Redis* Tuning Guide on Intel® Xeon® processor platforms

Introduction

Redis* (Remote Dictionary Server) is an open source (under BSD licenses) memory-based data structure storage, and can serve as a database, cache, and more. Redis supports a variety of data structures, such as strings, hash tables, lists, sets, sorted sets with range queries, bitmaps, HLLs, and geospatial indexes and streams. Redis provides functions such as built-in replications, Lua scripts, LRU evictions, transactions, and disk persistence at different levels. Redis features a high performance and a low latency, and is widely used in gaming, videos, news, location, finance, and other fields. For more information on Redis, please visit: https://redis.io/.

redis storage diagram

Figure1 Redis Storage Data Diagram

Intel® Optane™ persistent memory (PMem) is an innovative memory technology and is a new category between memory and storage. Intel® persistent memory is similar to DRAM in performance and can store data persistently like an SSD. Intel persistent memory has three single capacities of 128 GB, 256 GB and 512 GB, and up to 4TB Intel persistent memory capacity can be supported per processor per server, which is much larger than that of DDR, and at a lower price.

storage pyramid

Figure2 Storage Hierarchy

Intel persistent memory supports the following two modes:

1) Memory Mode: the operating system views Intel persistent memory as the system's primary memory, DRAM as the cache for Intel persistent memory. It does not require making any changes to your applications before they run in this large volatile memory pool.

2) App-Direct Mode: Available for both DRAM and Intel persistent memory. In this case, Intel persistent memory is a low latency, byte addressable memory pool, requiring your applications to manage hierarchical data storage, and thus making changes to your applications.

redis and PMem

Figure3 Memory Mode and App-Direct Mode

In Memory Mode, your applications can run without any changes required. As it is easy to use, Redis which uses Memory Mode has been widely used.

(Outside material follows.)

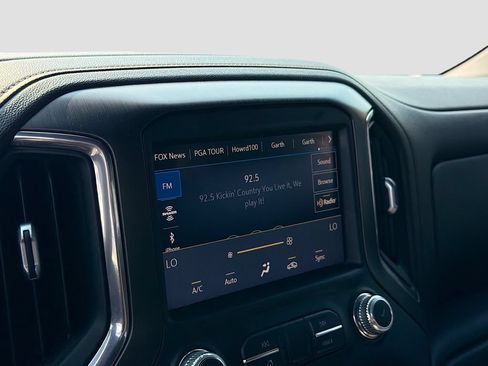 Used 2021 GMC Sierra 1500 AT4 w/ AT4 Preferred Package AWD/4WD image 15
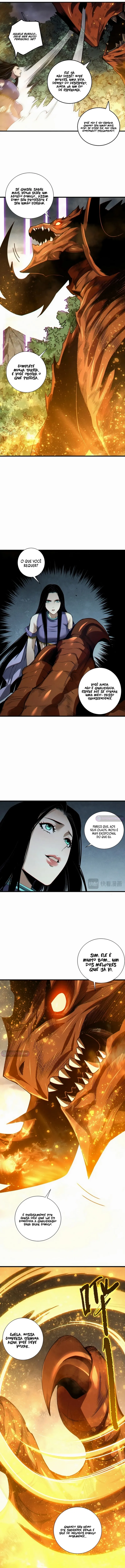 Necromante: Rei dos Mortos Capitulo 248 Pagina 5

This document provides suggestions for configuring various performance optimizations when Redis uses Memory Mode.

This document is applicable to 2-socket 3rd Generation Intel® Xeon® Scalable Processor systems & Intel® Optane™ persistent memory 200 series.

Intel Persistent Memory Configuration

Intel PMem DIMM Slot Configuration

PMem configurations

Figure 4 Intel PMem DIMM Slot Configuration

3rd Gen Intel Xeon Scalable platforms (codename Ice Lake/Whitley) have 16 DDR4 Slots per CPU
Intel Optane persistent memory 200 series can be configured up to 16 per CPU
General ratio (DRAM : PMem) is between 1:4 to 1:16, with minimum 1:2

Memory mode Settings

Please install ipmctl according to your OS version.
Check dimm information

$ ipmctl show -dimm

3. Configure Memory Mode

$ ipmctl create -f -goal MemoryMode=100

4. Reboot server

$ shutdown -r now

5. Check current memory size

$ numactl -H

check PMem size

Figure 5 Check current memory size

BIOS Settings

The configuration items and recommended values that can be optimized for BIOS are as follows:

Configuration item	Recommended value
Hyper-Threading	Disable
Hardware Prefetcher	Enable
L2 RFO Prefetch Disable	Disable
Adjacent Cache Prefetch	Enable
DCU Streamer Prefetcher	Enable
DCU IP Prefetcher	Enable
LLC Prefetch	Enable
Total Memory Encryption(TME)	Disable
SNC (Sub NUMA)	Disable
UMA-Based Clustering	Hemisphere(2-clusters)
200 Series PMem Memory Bandwidth Boost (MBB)	18000
200 Series PMem Turbo/Memory Bandwidth Boost Feature (MBB) Power Limit(in MW)	18000
PMem QoS	Disable the PMem QoS Feature
PMem Performance Setting	BW Optimized
PMem FastGo Configuration	Auto
Snoop mode for AD	Disable
Snoopy mode for 2LM	Disable
Boot performance mode	Max Performance
Turbo Mode	Enable
Hardware P-State	Native Mode
Local/Remote Threshold	Auto

Linux Optimizations

Network Configuration

In the Redis application scenario, performance is usually restricted more by the bandwidth of the network than the performance of memory and Intel persistent memory. Therefore, when you run Redis across networks, you need an NIC with a highest possible network bandwidth. It is recommended that the value is above 10GB/s.

Disk Configuration

Configure disk readahead size

echo 4096 > /sys/block/sd<x>/queue/read_ahead_kb

CPU Configuration

Configure performance mode for the CPU

cpupower -c <cpulist> frequency-set --governor performance

Configure the power-performance gap

x86_energy_perf_policy performance

Configure the minimum P-State value for the processor

echo 100 > /sys/device/system/cpu/intel_pstate/min_perf_pct

Kernel Configuration

Configure kernel parameters for the CPU

sysctl -w kernel.sched_domain.cpu<x>.domain0.max_newidle_lb_cost=0

sysctl -w kernel.sched_domain.cpu<x>.domain1.max_newidle_lb_cost=0

Configure scheduling granularity

sysctl -w kernel.sched_min_granularity_ns=10000000

sysctl -w kernel.sched_wakeup_granularity_ns=15000000

Configure virtual memory parameters

sysctl -w vm.dirty_ratio = 40

sysctl -w vm.swappiness = 10

sysctl -w vm.dirty_background_ratio=10

Redis Settings

Redis on Memory Mode Setting

In Memory Mode, your application runs without any changes required, so simply download and compile the open source Redis, and run it.

1) Download source code

Github address: https://github.com/redis/redis

2) Compile command (for more details, see https://github.com/redis/redis README.md)

$ make

In addition, for each running Redis instance, in order to reduce access across the Numa node which affects performance, different Redis instances can be bound to different sockets and cores using numactl and taskset.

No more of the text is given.